Sweet Sounds

They played in Monterey before and say they cannot wait to be back to present their new album. Bon Bon Vivant is a New Orleans band with strong California roots.

At the core of Bon Bon Vivant there’s Abigail Cosio (vocals and songwriting), Jeremy Kelley (saxophone and bass) and their professional and personal relationship that started in Los Angeles in 2003. They met through friends; he came to see her play.

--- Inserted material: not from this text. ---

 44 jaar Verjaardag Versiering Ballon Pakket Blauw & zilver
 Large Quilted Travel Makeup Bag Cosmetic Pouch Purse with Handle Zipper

She “saw this gorgeous man,” she says, and they “hit it off.” Abigail’s sister Glori Cosio is also part of the project, providing backing vocals, so she moved too when the couple decided to “start over” in New Orleans over a decade ago.

“We were born 13 months apart so we are really close,” Abigail says of her sister. The Cosio sisters grew up in a religious and musical family in Simi Valley. When Kelley and Cosio first started dating he couldn’t believe his luck – his now father-in-law never lets a guitar out of his hands, he’s “always plonking away,” even while talking.

In 2004 Kelley went to New Orleans and “fell in love with the city.”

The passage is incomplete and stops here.